Sir Henry Kingsmill died October 26th, 1624, the day on which this letter was written. If the Lady Kingsmel, or Kingsmill, to whom it is addressed, was the Bridget White of the first four letters, the difference in its tone is the more interesting. The girl to whom Donne wrote so gaily fifteen years before, is now a widow, and the poverty-stricken student of 1609 has become the great Dean of Saint Paul’s.
VI
To Sir Thomas Lucy, grandson of the Sir Thomas immortalized as Justice Shallow. Lucy was a friend of the Herberts, with whom Donne afterward became intimate, and a man of no mean intellectual power.
Donne gave up his house in Mitcham, where this letter was written, in 1610 and never returned to it. Lucy went abroad with Sir Edward Herbert in 1608. This letter may belong to the autumn of 1607.
VII
This letter, like the next, was written in 1619, and but a few months after Donne’s appointment as Divinity Reader to the Benchers of Lincoln’s Inn,
“About which time,” says Walton, “the Emperour of Germany died, and the Palsgrave, who had lately married the Lady Elizabeth, the King’s onely daughter, was elected and crowned King of Bohemia, the unhappy beginning of many miseries in that Nation.

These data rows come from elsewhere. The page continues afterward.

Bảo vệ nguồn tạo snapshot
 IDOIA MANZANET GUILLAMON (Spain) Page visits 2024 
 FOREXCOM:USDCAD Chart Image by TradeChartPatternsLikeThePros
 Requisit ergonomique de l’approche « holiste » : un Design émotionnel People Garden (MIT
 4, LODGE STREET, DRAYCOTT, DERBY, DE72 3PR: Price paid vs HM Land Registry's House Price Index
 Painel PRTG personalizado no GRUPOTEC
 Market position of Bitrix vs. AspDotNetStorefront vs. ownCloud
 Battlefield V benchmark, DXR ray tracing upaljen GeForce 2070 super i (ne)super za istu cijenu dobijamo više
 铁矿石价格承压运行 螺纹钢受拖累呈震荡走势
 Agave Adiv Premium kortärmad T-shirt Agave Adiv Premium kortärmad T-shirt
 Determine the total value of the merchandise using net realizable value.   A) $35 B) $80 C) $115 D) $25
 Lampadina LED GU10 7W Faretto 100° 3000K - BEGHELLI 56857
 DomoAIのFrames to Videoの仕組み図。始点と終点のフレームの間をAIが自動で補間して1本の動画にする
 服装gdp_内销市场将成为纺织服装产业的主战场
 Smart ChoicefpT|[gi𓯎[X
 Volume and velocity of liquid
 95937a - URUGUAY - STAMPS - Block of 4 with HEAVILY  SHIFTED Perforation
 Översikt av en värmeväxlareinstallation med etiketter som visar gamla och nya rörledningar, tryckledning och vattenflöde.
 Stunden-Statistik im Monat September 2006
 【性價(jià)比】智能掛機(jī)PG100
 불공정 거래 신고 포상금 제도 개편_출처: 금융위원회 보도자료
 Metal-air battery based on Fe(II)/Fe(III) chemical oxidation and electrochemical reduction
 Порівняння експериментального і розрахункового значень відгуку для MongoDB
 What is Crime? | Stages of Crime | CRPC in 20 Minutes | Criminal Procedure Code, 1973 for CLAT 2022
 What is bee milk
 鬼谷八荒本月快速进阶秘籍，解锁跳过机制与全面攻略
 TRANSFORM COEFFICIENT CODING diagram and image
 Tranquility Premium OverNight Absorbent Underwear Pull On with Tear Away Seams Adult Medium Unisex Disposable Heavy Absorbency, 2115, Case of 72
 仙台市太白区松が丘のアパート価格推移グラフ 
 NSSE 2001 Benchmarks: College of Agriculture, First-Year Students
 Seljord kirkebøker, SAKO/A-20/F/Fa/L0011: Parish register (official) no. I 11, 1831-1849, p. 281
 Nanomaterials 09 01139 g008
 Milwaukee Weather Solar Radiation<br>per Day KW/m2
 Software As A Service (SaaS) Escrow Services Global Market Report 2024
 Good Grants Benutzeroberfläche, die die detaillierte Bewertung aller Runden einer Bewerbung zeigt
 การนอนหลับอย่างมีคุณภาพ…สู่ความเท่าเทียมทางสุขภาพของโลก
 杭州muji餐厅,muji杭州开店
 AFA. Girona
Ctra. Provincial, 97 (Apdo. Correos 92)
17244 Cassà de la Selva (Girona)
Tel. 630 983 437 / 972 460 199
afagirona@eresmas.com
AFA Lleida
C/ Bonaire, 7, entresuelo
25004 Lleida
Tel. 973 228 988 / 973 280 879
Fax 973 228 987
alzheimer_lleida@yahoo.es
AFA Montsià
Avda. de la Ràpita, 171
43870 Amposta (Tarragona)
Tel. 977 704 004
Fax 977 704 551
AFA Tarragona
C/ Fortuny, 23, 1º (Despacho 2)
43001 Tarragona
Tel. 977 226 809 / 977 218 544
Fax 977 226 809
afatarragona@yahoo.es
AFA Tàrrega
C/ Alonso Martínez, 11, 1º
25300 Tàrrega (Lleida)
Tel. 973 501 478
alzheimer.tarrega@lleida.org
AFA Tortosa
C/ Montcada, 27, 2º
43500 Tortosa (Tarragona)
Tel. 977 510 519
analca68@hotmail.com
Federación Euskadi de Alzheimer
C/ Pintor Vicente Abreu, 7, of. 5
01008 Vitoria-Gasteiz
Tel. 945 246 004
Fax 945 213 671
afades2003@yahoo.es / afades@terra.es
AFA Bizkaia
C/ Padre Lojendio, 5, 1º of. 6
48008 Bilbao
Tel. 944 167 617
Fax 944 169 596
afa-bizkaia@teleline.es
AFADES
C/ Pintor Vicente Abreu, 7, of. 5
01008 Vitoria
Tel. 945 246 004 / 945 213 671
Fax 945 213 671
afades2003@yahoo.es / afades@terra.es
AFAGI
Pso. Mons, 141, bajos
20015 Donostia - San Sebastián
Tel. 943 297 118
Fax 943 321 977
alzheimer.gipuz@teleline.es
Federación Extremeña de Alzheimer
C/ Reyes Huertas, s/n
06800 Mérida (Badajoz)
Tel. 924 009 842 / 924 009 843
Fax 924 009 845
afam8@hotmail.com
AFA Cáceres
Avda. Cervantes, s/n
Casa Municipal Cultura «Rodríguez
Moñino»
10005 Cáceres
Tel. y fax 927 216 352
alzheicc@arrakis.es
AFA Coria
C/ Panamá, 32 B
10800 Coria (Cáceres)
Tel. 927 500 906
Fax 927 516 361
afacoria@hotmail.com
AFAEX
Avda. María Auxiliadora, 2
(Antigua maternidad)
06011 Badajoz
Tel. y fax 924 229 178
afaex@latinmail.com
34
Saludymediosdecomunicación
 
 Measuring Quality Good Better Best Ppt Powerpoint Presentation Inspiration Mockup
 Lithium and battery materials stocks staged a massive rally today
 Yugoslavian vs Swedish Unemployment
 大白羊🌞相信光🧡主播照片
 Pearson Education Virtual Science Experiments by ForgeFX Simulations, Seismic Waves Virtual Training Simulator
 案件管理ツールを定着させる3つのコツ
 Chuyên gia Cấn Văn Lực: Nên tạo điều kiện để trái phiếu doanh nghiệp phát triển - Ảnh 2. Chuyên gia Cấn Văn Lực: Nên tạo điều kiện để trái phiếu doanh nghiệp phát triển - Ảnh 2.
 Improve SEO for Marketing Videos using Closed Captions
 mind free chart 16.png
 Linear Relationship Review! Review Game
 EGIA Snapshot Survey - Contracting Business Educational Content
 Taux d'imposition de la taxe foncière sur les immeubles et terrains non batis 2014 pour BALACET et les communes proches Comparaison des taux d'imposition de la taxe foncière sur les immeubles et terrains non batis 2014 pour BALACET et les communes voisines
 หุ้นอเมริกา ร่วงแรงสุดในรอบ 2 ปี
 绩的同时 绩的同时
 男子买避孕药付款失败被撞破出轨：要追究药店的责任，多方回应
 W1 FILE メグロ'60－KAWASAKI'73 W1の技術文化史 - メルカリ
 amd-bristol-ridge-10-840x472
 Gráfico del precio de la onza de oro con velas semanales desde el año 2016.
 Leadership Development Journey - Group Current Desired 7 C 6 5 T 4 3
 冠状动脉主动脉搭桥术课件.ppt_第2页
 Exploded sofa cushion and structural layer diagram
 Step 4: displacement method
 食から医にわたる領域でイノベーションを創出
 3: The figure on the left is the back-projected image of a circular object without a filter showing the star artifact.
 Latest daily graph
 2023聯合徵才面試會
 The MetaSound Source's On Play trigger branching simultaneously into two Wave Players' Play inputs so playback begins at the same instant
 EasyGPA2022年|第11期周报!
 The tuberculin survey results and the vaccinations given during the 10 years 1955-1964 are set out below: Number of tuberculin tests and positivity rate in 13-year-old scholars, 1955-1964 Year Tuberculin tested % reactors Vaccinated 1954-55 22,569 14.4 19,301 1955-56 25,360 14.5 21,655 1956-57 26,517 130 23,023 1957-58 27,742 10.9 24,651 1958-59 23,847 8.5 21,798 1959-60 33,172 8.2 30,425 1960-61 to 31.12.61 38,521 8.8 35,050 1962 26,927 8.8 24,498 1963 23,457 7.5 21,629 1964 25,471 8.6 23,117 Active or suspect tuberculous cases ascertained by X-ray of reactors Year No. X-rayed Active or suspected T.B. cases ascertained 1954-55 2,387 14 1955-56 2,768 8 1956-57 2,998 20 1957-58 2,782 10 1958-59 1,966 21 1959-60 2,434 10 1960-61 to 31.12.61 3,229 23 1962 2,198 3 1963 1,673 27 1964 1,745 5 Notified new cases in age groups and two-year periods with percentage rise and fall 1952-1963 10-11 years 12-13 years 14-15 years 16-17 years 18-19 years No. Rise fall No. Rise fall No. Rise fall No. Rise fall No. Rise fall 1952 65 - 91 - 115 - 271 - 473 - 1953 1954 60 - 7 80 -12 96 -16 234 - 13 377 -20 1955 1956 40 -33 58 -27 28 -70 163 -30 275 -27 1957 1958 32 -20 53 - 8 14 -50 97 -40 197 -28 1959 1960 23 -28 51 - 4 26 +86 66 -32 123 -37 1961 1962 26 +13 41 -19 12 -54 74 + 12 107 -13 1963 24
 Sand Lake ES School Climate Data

“King James, whose Motto (Beati Pacifici) did truly speak the very thoughts of his heart, endeavoured first to prevent, and after to compose the discords of that discomposed State: and amongst other his endeavours did then send the Lord Hay Earl of Doncaster his Ambassadour to those unsetled Princes; and by a speciall command from his Majesty Dr. Donne was appointed to assist and attend that employment to the Princes of the Union: for which the Earl was most glad, who had alwayes put a great value on him, and taken a complacency in his conversation.”
On the eve of his departure Donne placed in the hands of a few friends manuscript copies of unpublished writings for whose preservation he wished to provide.